The insurance industry needs to move forward and simplify intellectual property (IP) coverage for the small- and medium-sized enterprise (SME) market, a specialist insurance provider said.
IP insurance typically involves long, complicated proposal forms, a fee charged to get a proper quotation, and a lot of legwork and time, said Maddi Brown, intellectual property practice leader with London, U.K.-based managing general agent CFC Underwriting. What’s worse is that sometimes a client will pay the fee, but the underwriter will still ultimately decline the risk, Brown said.
“Can you imagine the frustration if you’ve paid out 1,000 pounds and then you still don’t get terms at the end?” Brown said Thursday in an interview with Canadian Underwriter. “And it puts brokers off IP insurance, because it’s a voluntary class of insurance.
“I’ve been doing this for 15 years and it’s a fact that it’s always been complicated,” she added. “That’s where we’re focusing on is simplifying everything all the way through from quote to bind, which should be a simple process like any other insurance line. You can simplify that process when you work in the SME market.”
At CFC, they have removed the fee and use data analytics to help streamline the process. “We have a lot of resources, which means that we can now actually indicate based off website and revenue alone, subject then to the form,” Brown said. “And that really helped us open up the market and open up the space and allow clients and brokers to access the coverage in a much easier and simplistic manner.”
It’s a process that used to take a week or longer, but can now be done within 24-48 hours, Brown said.
“Quite typically, the information is on their website,” Brown said of SMEs. “And the revenue information just provides that additional requirement. The risk is quite different when we get the large corporates because they might have subsidiaries and other things that are not on their main website.”
There may also be litigation for large corporations. “So, there’s loads of complex aspects to their risks… [that] do need to be reviewed and assessed in order to provide terms for them. And if you move down to the SMEs, you don’t get that complexity.”
However, if CFC sees from its own data research that a company has large claims, it may be more cautious and contact the broker first. As well, if there are indemnity clauses within contracts with third parties related to protecting IP in the event of infringement, for example, CFC will look closer at the contracts to see if there is anything uninsurable within that contract.
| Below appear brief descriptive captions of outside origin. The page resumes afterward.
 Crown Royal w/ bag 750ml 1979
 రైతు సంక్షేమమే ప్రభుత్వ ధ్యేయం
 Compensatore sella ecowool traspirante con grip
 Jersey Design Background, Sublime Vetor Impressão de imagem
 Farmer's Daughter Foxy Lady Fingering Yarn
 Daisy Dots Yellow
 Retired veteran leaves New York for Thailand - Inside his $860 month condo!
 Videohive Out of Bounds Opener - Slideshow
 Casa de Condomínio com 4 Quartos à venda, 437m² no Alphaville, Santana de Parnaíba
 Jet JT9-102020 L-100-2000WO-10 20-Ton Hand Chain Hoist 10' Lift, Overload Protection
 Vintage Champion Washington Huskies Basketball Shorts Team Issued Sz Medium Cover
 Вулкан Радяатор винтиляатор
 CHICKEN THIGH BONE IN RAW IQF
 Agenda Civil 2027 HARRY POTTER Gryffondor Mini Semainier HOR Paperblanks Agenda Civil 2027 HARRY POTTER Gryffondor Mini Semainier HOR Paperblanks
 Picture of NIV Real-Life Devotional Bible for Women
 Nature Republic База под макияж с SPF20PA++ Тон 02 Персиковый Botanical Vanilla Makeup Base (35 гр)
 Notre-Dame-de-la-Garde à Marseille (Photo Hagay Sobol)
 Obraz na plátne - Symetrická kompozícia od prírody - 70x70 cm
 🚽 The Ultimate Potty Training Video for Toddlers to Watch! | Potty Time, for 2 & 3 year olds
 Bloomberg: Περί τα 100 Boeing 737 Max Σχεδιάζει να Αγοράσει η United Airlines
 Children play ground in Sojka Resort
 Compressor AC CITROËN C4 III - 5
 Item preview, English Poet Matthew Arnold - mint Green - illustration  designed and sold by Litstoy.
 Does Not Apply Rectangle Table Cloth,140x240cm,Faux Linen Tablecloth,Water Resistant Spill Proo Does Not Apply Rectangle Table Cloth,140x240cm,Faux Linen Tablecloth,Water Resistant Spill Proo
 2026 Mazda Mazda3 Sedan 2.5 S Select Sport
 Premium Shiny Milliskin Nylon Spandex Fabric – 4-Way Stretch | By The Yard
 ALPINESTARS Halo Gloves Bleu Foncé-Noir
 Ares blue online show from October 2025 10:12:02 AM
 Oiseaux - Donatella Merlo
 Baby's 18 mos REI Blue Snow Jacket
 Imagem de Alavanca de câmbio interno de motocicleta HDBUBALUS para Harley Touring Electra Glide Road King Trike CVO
IP coverage is essentially an infringement liability policy, Brown explained. “I always say that about the IP product: it’s a liability policy, just with IP attached to it.”
This coverage helps businesses defend themselves against claims of IP infringement, and can help businesses pursue those who are infringing on patents, copyrights or trademarks. In CFC’s case, there is also coverage for contractual indemnities, loss of IP rights and loss of profit.